Tippett 4 & Eroica

Tippett
Symphony No.4
Beethoven
Symphony No.3 in E flat, Op.55 (Eroica)

London Symphony Orchestra
Sir Colin Davis


Reviewed by: Colin Anderson

Reviewed: 19 August, 2005
Venue: Royal Albert Hall, London

Beethoven made a profound impression on Tippett and his music, and the pairing of these two composers, although familiar, remains a potent one.

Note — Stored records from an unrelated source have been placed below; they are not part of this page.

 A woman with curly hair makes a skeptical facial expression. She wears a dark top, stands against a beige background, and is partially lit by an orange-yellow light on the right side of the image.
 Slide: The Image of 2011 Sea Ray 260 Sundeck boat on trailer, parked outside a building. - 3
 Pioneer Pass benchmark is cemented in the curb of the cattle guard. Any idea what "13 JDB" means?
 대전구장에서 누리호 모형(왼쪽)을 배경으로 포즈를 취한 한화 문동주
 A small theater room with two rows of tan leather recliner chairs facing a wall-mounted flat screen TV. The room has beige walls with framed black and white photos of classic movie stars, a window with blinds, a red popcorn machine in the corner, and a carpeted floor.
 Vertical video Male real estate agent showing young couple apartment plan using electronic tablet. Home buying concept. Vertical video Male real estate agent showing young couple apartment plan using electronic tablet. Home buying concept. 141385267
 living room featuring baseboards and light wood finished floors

Sir Colin Davis has led a significant number of Tippett performances, including several premieres, and recordings. The Fourth Symphony, though, fell to the Chicago Symphony and Solti to introduce and first document, and remains absent from Sir Colin’s discography. Davis’s current thoughts on Tippett’s final, “birth to death”, symphony – further described by the composer as a “collage-concentration of the most diverse musics in a single-movement form” – further confirmed that he is one of Tippett’s most dedicated and perceptive interpreters.

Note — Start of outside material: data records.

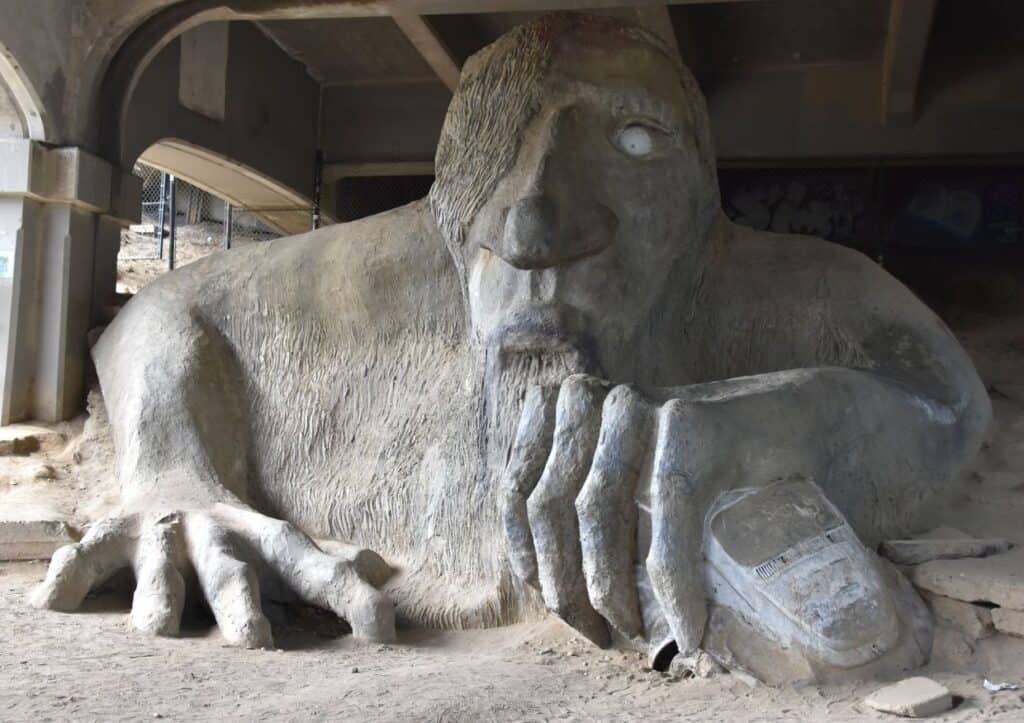 A colossal bridge sculpture featuring a monstrous creature, a must-see in Seattle.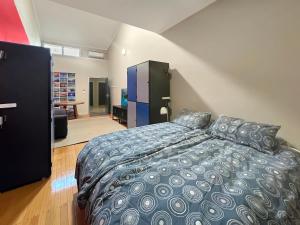 a bedroom with a large bed and a living room at Port Lincoln Studio Apartments in Port Lincoln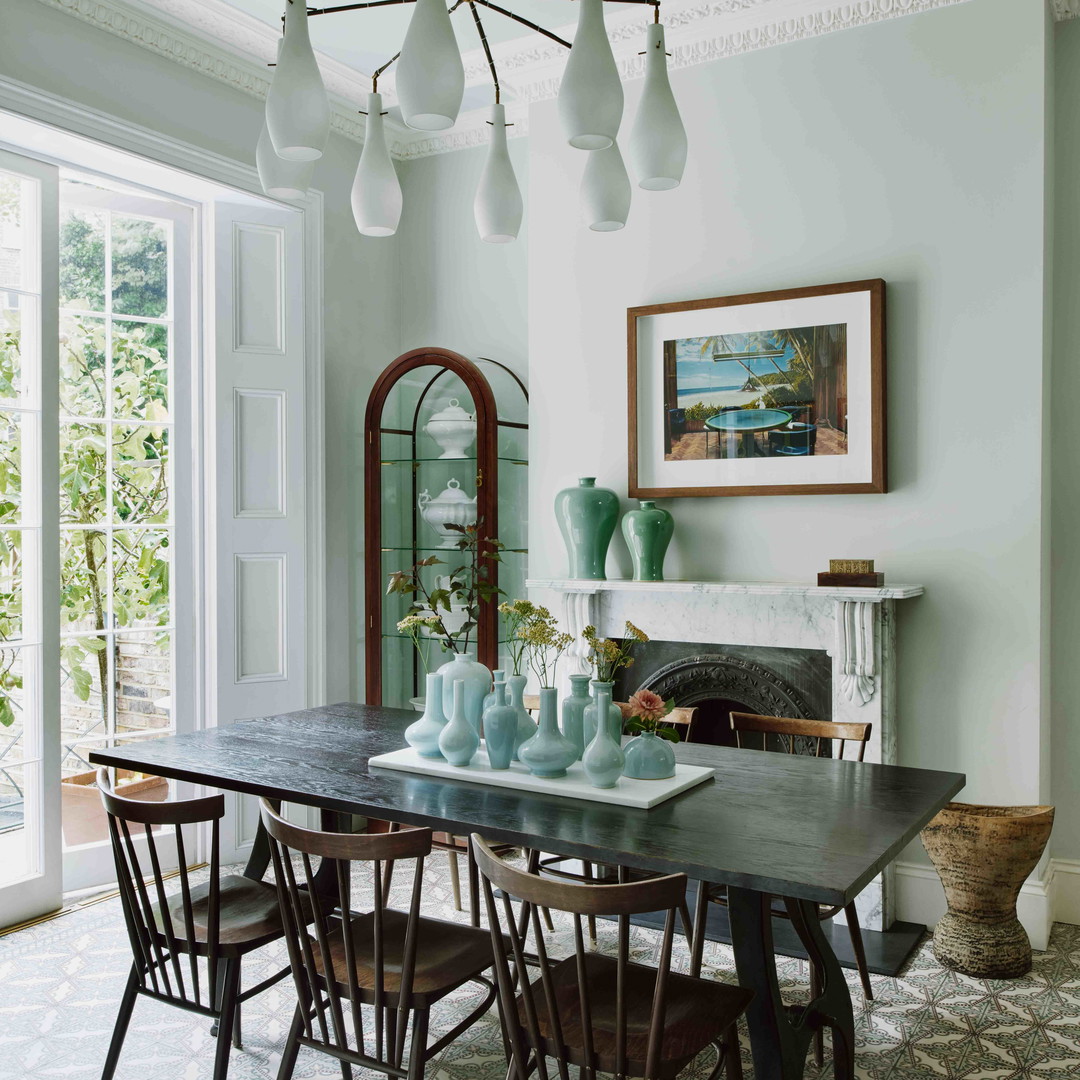 a dining room with a table and chairs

Davis led a large-scale reading, 33 minutes (adding a few minutes to Solti’s recording), one that lacked the last degree of tension at the opening, and with a too deliberate tempo set for the brass’s sonorous entrées (including 6 horns, four trumpets and two tubas); the music’s impulsive energy took a while to be established despite heroic playing of hugely taxing writing (Tippett fully exploited the famed virtuosity of the Chicago orchestra). Other miscalculations included timpani that were not quite crisp enough in terms of clarity, and the synthesised breathing effect; originally Tippett had one of the Chicago Symphony string-players wired-up for some live ‘heavy breathing’, which made a moving impression when the Chicagoans and Solti gave the UK premiere at the Proms in 1978. The composer’s electronic sanction suggests swamp-monster rather than human being. The effect, virtually inaudible in the early stages of this LSO account, literally expires the symphony, and was more hall-filling come the end, but there remains the dubious timbre itself.

Yet, overall, this was a very convincing performance, one very well prepared and which searched the realms of the slower, interior music for all its deep expressiveness (superb solos from violin, viola, cello, oboe and cor anglais) and which presented the work as more a ‘symphony’ than the symphonic poem it has been thought off previously. In particular the final minutes seemed to more-belong as a logical and emotionally sustained denouement and Davis gave the central upheaval with optimum power and incisiveness. Equally, Tippett’s many arresting ideas and his totally individual orchestration was relished without apology. Despite some early reservations, this became an especially persuasive realisation that made one think this a ‘real’ symphony after all.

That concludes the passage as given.